Two days ago The Independant published a thoughtless piece which realised that the pope is a Catholic.


Being a meddling kid, I felt that this should not go unchallenged, so published a response in the comments box. It was quite a lengthy response because the errors contained in the article were so numerous and profound. In hindsight, I think I should have altered the tone to be less confrontational and more conciliatory, but that's how it goes I suppose.

For me one of the most startling things was that Ms Smurthwaite does not seem to have learnt the lessons of the Leveson enquiry. Simply because a person is in the public eye does not give you free reign to defame their good name. I believe that her last sentance: "He might have been media-unfriendly, hard line, sexist and homophobic, but at least we knew what we were getting with Pope Benedict" does precisely this.

Below is my entire response:
Dear Ms Smurthwaite

This has so many basic misunderstandings in it. I'm amazed that a reputable newspaper felt able to publish it. Please do your research before you write about any Catholic next time.

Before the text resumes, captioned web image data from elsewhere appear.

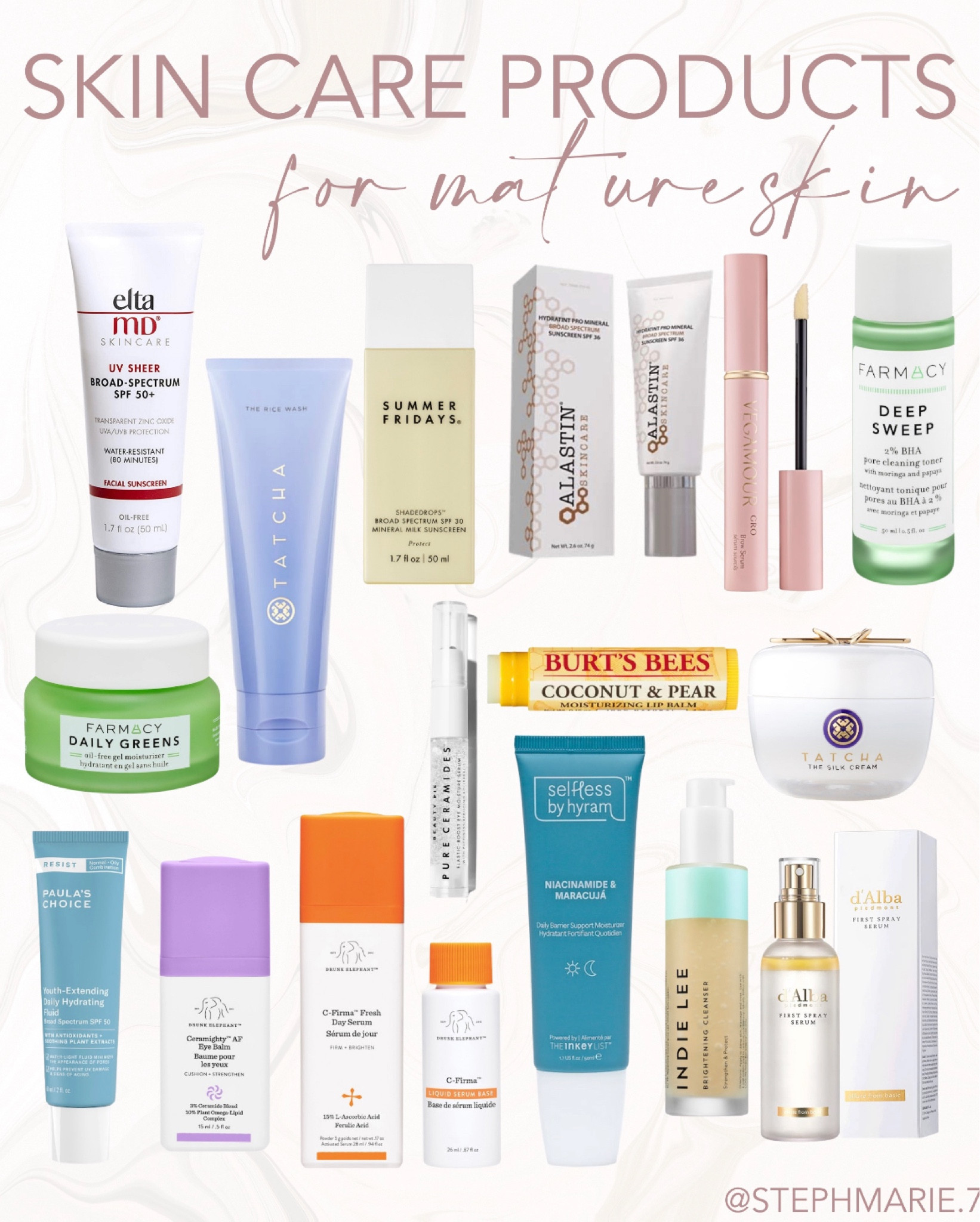favorite skin care products for mature skin / over 40 skin care routine / sun screen / moisturizer / lip balm / vitamin c serum / under eye cream / brow growth / tatcha / farmacy/ drunk elephant / elta md / beauty pie / hyram / d’alba 

#LTKitbag #LTKSeasonal #LTKbeauty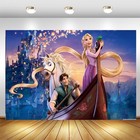 Tangled Rapunzel Princess Birthday Party Backdrop Photo Background Decoration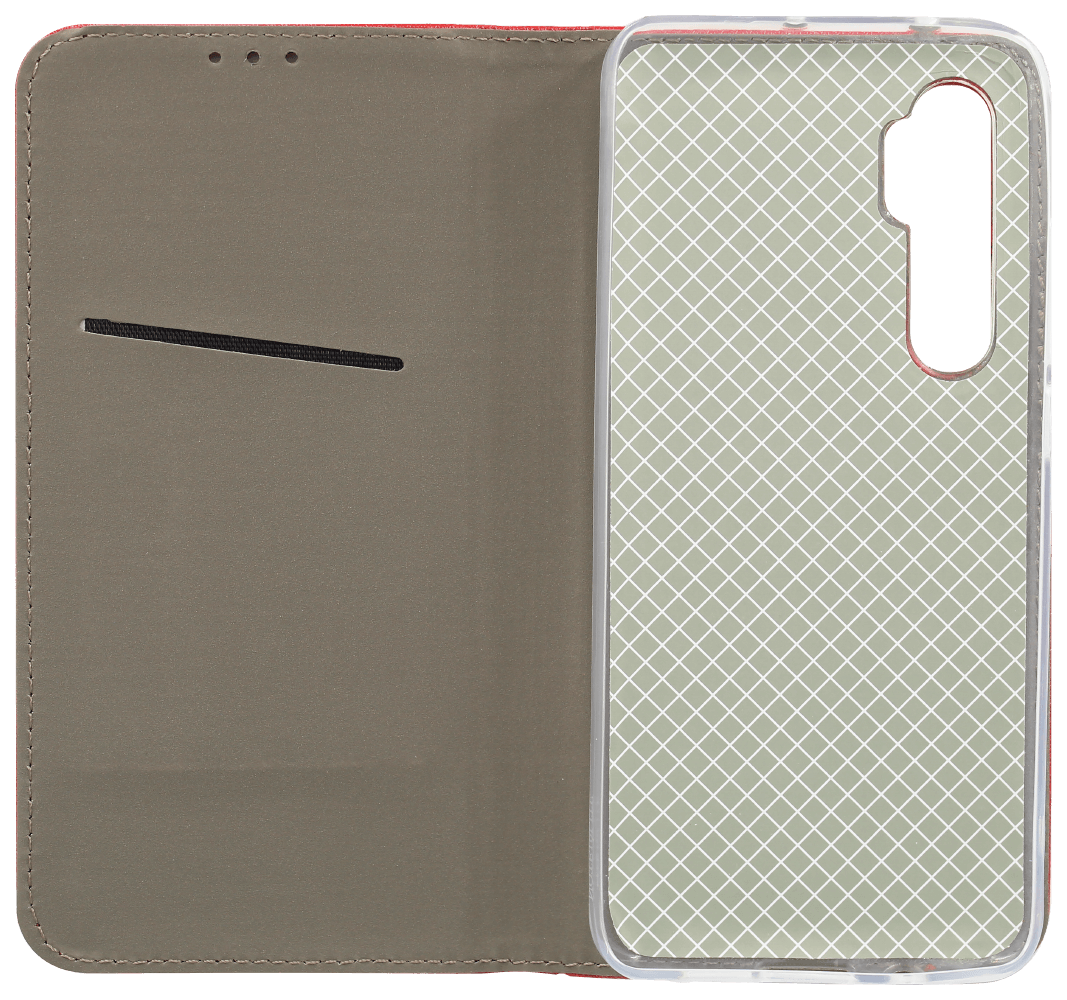 Xiaomi Mi Note 10 Lite oldalra nyíló flipes bőrtok rombusz mintás piros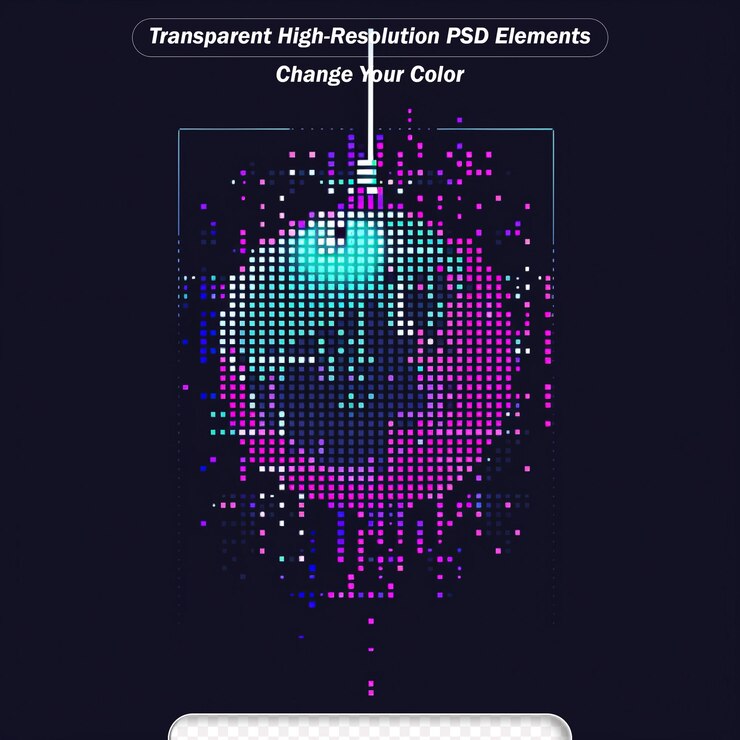 PSD cyberpunk estilo brilhante bola de néon desenho pontilhado glitter bola de discoteca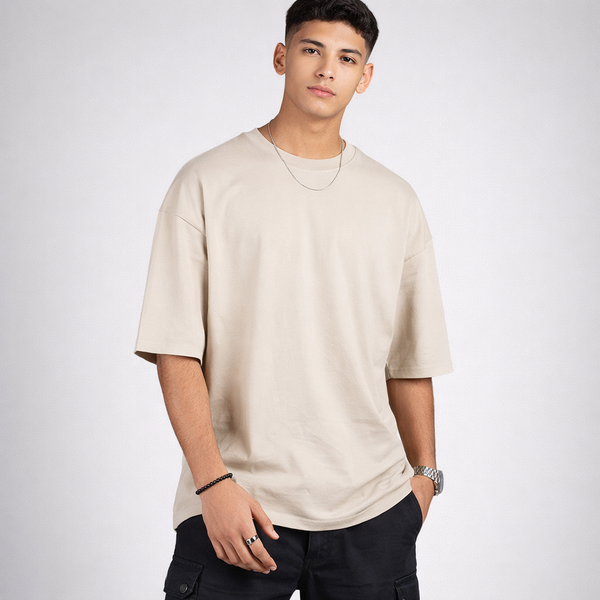 Cement Gray Solid Oversized T-Shirt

It is not a hard-line Catholic stance to oppose Gay marriage or abortion. In fact both are fairly secular issues. Marriage is a thing and is therefore not other things. Just as a pencil is a thing and is therefore not a typewriter, though there are similarities between them. It existed before government or Church did so neither have the right to attempt to alter it. Marriage is a lifelong relationship between a man and a woman to bring up children. Matrimony is when that relationship has a theological element, but that is not what is being discussed. "The family, founded upon marriage freely contracted, one and indissoluble, must be regarded as the natural, primary cell of human society." Without a true understanding of marriage (not matrimony), society will suffer. We have seen this with the Divorce Act which has created socially vulnerable single parents and children deprived of equal and free access to both parents. The rights of the parents to the protection of the other parent of their child, and the rights of the children to their parents have violated. Further tampering with marriage will have similar effects. The way in which the Gay Marriage Bill was brought before parliament without a mandate from the electorate is shocking and an affront to the democratic traditions of this country. If this were not enough, as I see it, that it was raised at the time it was, was prompted by nothing more than the petty motive of distracting the headlines while the Tory government snuck some fairly hefty news about just how badly they were managing the economy under the radar.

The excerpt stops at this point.